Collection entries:
- - - -
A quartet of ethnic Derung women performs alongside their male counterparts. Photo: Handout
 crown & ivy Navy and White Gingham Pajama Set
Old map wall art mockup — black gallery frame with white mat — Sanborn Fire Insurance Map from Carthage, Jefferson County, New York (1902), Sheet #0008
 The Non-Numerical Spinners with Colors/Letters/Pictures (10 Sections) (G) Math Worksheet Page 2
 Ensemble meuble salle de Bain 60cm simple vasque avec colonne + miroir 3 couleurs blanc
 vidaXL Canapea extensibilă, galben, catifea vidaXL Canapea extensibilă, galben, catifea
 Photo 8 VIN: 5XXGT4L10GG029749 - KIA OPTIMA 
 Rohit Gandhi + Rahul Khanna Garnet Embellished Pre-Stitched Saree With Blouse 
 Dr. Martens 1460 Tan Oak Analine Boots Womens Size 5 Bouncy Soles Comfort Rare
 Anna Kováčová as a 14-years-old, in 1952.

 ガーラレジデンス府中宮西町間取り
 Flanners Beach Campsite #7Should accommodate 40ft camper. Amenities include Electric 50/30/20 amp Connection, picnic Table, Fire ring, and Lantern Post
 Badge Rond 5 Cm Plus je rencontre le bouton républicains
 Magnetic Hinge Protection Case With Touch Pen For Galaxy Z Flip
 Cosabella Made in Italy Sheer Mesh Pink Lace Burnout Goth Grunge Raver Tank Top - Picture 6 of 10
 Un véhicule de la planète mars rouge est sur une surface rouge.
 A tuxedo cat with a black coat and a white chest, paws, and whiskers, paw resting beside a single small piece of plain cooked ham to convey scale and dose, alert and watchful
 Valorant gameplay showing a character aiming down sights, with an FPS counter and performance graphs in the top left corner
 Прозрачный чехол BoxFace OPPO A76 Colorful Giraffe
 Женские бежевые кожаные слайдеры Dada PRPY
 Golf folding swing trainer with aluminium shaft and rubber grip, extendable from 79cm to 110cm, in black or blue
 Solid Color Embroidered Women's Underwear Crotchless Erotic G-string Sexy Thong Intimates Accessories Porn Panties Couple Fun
- - - -
* WORK TASK *
In the lines above, find the word "Photo" and copy every line it occurs in.

* EXERCISE RESPONSE *
A quartet of ethnic Derung women performs alongside their male counterparts. Photo: Handout
 Photo 8 VIN: 5XXGT4L10GG029749 - KIA OPTIMA 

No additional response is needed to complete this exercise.